<<<<
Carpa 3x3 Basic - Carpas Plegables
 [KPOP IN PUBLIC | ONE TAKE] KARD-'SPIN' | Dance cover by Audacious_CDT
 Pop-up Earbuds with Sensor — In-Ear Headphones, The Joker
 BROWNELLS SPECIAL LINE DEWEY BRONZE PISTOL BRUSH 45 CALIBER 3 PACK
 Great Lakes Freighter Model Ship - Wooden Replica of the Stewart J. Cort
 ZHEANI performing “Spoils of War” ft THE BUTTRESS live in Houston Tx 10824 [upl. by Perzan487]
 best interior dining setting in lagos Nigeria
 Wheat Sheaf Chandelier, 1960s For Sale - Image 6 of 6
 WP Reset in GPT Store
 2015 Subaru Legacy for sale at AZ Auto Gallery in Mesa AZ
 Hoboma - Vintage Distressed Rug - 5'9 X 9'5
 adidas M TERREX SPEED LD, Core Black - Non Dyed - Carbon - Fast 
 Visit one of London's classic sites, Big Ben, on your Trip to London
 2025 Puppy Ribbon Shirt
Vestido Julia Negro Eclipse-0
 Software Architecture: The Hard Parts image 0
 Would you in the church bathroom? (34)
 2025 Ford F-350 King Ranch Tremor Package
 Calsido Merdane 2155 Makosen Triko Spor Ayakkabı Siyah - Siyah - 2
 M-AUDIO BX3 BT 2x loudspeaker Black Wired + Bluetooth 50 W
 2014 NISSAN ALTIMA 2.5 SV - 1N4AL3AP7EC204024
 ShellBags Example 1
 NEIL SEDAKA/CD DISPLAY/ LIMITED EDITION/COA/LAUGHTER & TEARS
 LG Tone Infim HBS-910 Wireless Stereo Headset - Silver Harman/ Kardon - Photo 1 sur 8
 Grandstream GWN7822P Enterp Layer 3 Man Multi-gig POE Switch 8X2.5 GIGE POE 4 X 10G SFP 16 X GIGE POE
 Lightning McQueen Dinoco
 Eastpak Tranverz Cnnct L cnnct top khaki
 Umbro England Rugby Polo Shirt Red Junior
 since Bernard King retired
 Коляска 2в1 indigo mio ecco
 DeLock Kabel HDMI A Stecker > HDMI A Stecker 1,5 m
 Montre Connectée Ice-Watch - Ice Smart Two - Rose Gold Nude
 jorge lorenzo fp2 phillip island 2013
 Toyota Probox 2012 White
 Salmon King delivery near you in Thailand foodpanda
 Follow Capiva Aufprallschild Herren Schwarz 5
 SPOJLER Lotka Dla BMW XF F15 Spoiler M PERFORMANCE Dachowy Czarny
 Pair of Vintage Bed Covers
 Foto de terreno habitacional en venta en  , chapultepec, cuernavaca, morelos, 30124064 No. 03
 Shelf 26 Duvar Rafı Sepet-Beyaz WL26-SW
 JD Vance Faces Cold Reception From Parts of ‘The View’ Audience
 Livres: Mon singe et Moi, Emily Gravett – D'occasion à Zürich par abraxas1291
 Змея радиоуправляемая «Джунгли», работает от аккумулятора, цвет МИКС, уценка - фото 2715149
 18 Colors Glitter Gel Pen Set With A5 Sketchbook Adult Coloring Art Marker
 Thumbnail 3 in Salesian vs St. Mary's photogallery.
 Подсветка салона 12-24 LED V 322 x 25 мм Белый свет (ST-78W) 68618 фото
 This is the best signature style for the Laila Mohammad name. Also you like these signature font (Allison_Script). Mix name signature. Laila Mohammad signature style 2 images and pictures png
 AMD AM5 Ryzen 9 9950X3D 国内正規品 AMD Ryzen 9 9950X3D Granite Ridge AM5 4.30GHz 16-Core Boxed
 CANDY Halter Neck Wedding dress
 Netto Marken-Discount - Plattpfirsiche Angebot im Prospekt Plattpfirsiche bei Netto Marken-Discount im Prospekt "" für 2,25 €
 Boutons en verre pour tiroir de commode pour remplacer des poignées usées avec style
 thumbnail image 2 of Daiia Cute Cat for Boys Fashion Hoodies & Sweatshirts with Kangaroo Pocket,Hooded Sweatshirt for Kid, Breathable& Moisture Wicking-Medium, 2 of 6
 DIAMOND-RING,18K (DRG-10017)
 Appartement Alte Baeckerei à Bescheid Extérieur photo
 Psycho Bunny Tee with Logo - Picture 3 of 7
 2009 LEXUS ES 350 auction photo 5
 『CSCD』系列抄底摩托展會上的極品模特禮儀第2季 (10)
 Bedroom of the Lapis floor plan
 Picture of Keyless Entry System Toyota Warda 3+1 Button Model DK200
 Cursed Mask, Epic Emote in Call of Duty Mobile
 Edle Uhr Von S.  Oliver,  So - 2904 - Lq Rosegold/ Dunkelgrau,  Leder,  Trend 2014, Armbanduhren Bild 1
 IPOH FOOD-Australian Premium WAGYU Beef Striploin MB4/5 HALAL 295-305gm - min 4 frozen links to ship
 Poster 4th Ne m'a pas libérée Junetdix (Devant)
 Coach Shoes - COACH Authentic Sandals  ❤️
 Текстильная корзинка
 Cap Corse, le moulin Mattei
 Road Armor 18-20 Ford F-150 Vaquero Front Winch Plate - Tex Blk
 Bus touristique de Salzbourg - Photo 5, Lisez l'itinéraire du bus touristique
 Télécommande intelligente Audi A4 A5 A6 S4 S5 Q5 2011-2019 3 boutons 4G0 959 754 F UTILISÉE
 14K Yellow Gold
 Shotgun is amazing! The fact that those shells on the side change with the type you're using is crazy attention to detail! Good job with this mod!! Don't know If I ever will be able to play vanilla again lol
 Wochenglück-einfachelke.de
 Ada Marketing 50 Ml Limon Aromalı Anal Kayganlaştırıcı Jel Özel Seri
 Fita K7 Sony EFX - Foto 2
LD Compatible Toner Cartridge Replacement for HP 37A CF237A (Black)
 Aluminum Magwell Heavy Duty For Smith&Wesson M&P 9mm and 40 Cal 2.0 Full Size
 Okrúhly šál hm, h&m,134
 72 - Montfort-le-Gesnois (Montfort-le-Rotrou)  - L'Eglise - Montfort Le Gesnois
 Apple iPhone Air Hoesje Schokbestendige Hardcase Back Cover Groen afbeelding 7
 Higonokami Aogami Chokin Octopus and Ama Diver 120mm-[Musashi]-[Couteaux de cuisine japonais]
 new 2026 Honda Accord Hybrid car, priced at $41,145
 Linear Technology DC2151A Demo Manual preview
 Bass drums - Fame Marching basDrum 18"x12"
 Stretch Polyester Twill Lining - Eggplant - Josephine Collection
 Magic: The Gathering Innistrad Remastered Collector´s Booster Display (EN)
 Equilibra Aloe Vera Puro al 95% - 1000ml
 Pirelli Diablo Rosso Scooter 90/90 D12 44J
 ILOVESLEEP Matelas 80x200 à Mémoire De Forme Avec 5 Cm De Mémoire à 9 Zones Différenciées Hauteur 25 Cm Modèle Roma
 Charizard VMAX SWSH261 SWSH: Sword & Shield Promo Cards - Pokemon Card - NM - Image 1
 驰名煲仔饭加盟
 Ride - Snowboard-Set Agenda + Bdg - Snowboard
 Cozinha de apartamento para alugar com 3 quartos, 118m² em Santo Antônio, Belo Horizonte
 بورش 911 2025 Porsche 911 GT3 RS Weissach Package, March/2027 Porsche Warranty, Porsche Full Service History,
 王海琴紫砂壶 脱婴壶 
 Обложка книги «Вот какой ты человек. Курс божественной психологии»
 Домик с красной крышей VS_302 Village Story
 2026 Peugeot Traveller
>>>>
→ **Your goal**
Reproduce exactly the stretch of the material above that starts at the line with "Hoboma - Vintage Distressed Rug - 5'9 X 9'5" and ends at the line with "LG Tone Infim", both included, and nothing else.

→ **Exercise answer**
 Hoboma - Vintage Distressed Rug - 5'9 X 9'5
 adidas M TERREX SPEED LD, Core Black - Non Dyed - Carbon - Fast 
 Visit one of London's classic sites, Big Ben, on your Trip to London
 2025 Puppy Ribbon Shirt
Vestido Julia Negro Eclipse-0
 Software Architecture: The Hard Parts image 0
 Would you in the church bathroom? (34)
 2025 Ford F-350 King Ranch Tremor Package
 Calsido Merdane 2155 Makosen Triko Spor Ayakkabı Siyah - Siyah - 2
 M-AUDIO BX3 BT 2x loudspeaker Black Wired + Bluetooth 50 W
 2014 NISSAN ALTIMA 2.5 SV - 1N4AL3AP7EC204024
 ShellBags Example 1
 NEIL SEDAKA/CD DISPLAY/ LIMITED EDITION/COA/LAUGHTER & TEARS
 LG Tone Infim HBS-910 Wireless Stereo Headset - Silver Harman/ Kardon - Photo 1 sur 8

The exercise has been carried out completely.